# Plot ME
# - individual data and venue data
# - match based on:
# - D (individual file, venueLocation) and F (venue file, venueLocationOld) columns, and
# - C (individual file, venueName) and B (venue file, venueNameOld) columns
# - from the venue file we need the new name and the new location in the final set, and the confident information
# - from the individual file we need everything
# working folder location R:/ISGMH/EDIT/Projects/PLoT ME/Data/PLoT ME Network Data/NetworkData/2modeData
# output file: plotMe2modeData.csv
# (1) packages
library(car)
library(data.table)
library(dplyr)
## Warning: Installed Rcpp (0.12.10) different from Rcpp used to build dplyr (0.12.11).
## Please reinstall dplyr to avoid random crashes or undefined behavior.
##
## Attaching package: 'dplyr'
## The following objects are masked from 'package:data.table':
##
## between, first, last
## The following object is masked from 'package:car':
##
## recode
## The following objects are masked from 'package:stats':
##
## filter, lag
## The following objects are masked from 'package:base':
##
## intersect, setdiff, setequal, union
# (2) wd
rm(list=ls())
whoareyou <- ""
root <- paste0("R:/",whoareyou,"/ISGMH/EDIT/Projects/PLoT ME/Data/PLoT ME Network Data/NetworkData/2modeData")
setwd(root)
# getwd()
# list.files()
# (3) data
# venue data
dv <- read.csv("PLoT ME - unique venues - CLEAN - 08.18.17.csv")

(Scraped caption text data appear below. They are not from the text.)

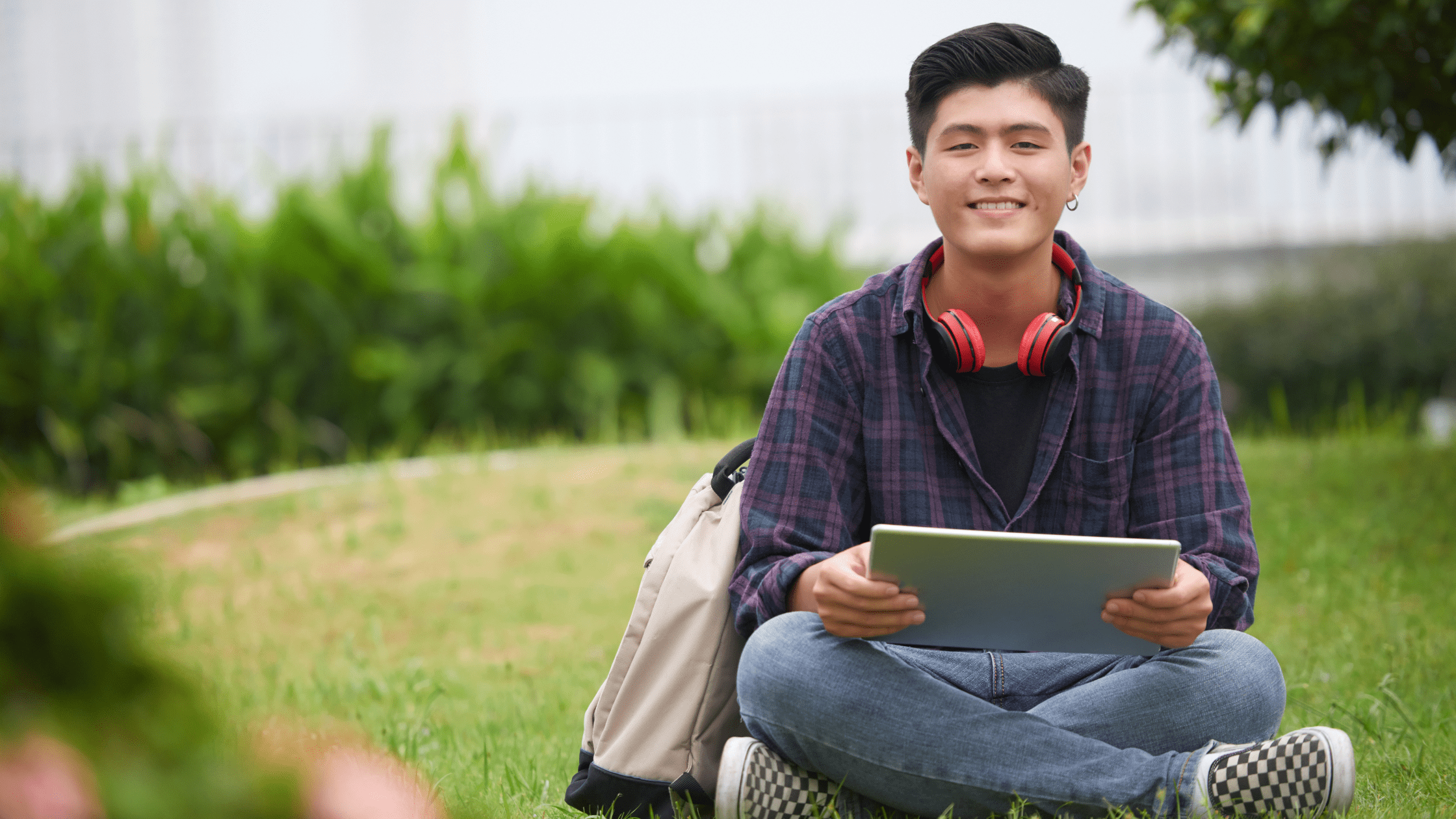 A medical student studying during medical school.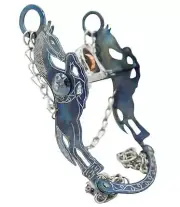 5" Azul Freno Charro Blue Cobre Horse Charro Bit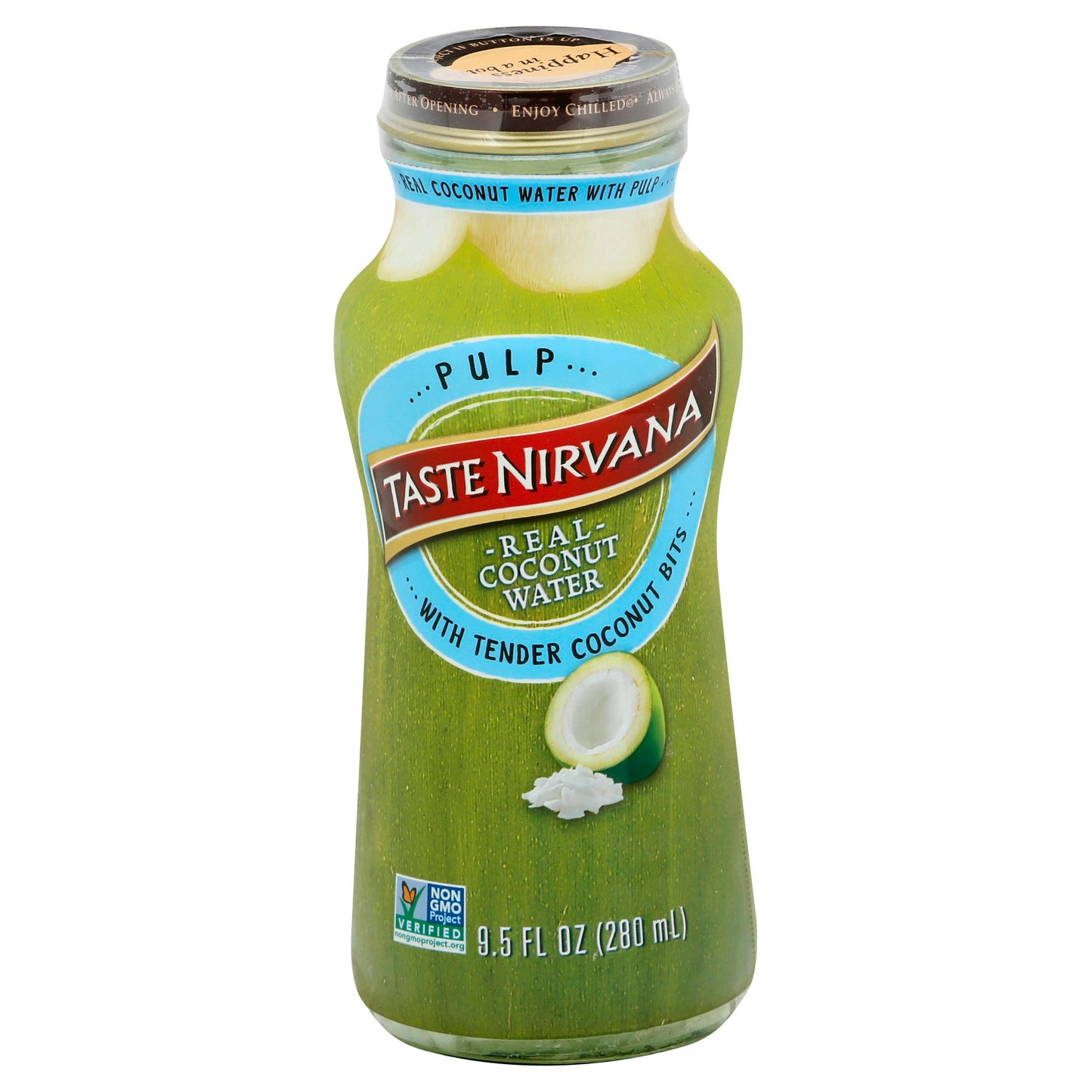 Taste Nirvana Coconut Water Pulp Natural 9.5 FO (Pack of 12)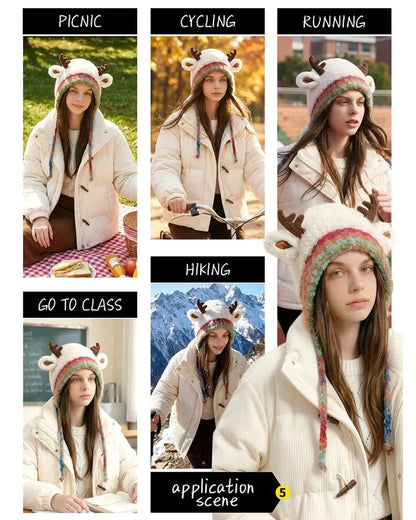 Festive Reindeer Hat — 2-in-1 Holiday Hat & Bag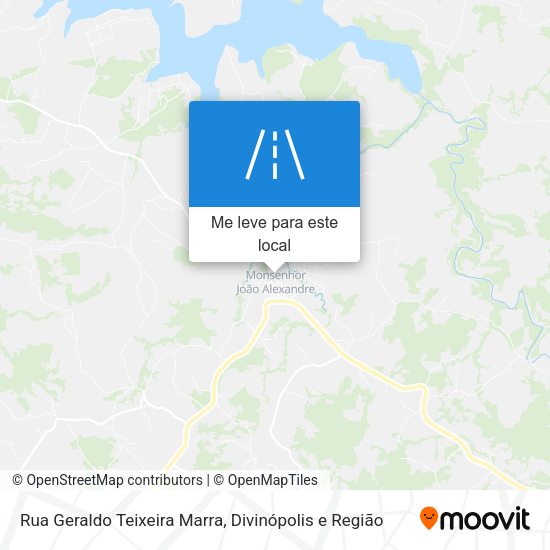 Rua Geraldo Teixeira Marra mapa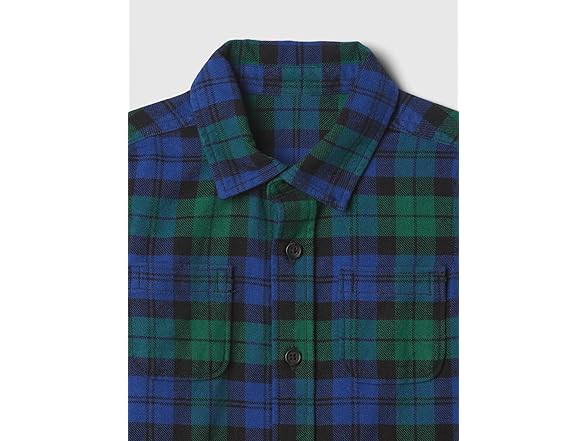 GAP Boys Long Sleeve Flannel Button-down Shirt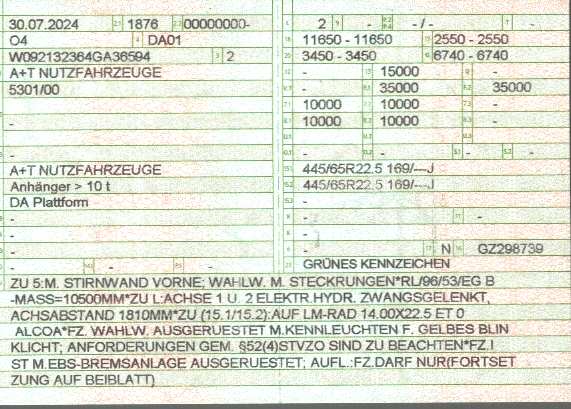 Vehicle registration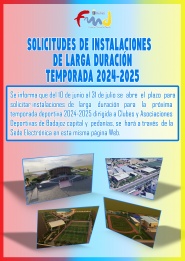 SOLICITUDES DE INSTALACIONES DE LARGA DURACIN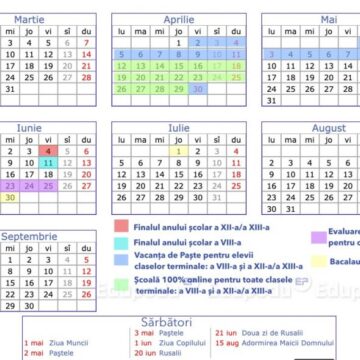 Noua structură a anului școlar a fost publicată în Monitorul Oficial Noua structură a anului școlar a fost publicată în Monitorul Oficial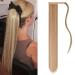 JJstar 70 cm Long Straight Ponytail Hairpiece Synthetic Hair Extension Braid Extension for Women Girls (Dirty Blonde)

dv <- select(dv, venueNameOld, venueNameNew, venueLocationOld,venueLocationNew, nameConfident, locationConfident) # keep what we actually need
# individual (and venue) data
di <- read.csv("venueEdgeList.csv")
naI <- is.na(di)
sum(naI)
## [1] 0
naV <- is.na(di)
sum(naV)
## [1] 0
# (4) merge
# complete merge
ddAll <- merge(di, dv, by.x = c("venueName", "venueLocation"), by.y = c("venueNameOld", "venueLocationOld"), all.x = T, all.y = T)
# some data structure check
ddAll <- ddAll[with(ddAll, order(venueLocationNew)), ]
ddAll <- ddAll[with(ddAll, order(radarId)), ]
naAll <- is.na(ddAll)
sum(naAll)
## [1] 0
# some recoding
ddAll$nameConfident <- as.character(ddAll$nameConfident)
ddAll$nameConfident[ddAll$nameConfident == 'Y'] <- 1
ddAll$nameConfident <- as.character(ddAll$nameConfident)
ddAll$nameConfident[ddAll$nameConfident == 'N'] <- 0
ddAll$locationConfident <- as.character(ddAll$locationConfident)
ddAll$locationConfident[ddAll$locationConfident == 'Y'] <- 1
ddAll$locationConfident <- as.character(ddAll$locationConfident)
ddAll$locationConfident[ddAll$locationConfident == 'N'] <- 0
# (5) output
write.csv(ddAll, file = "plotMe2modeData.csv")
# this was exported for additional cleaning
# dToClean <- ddAll[4567:4598,]
# write.csv(dToClean, file = "missingVenues.csv")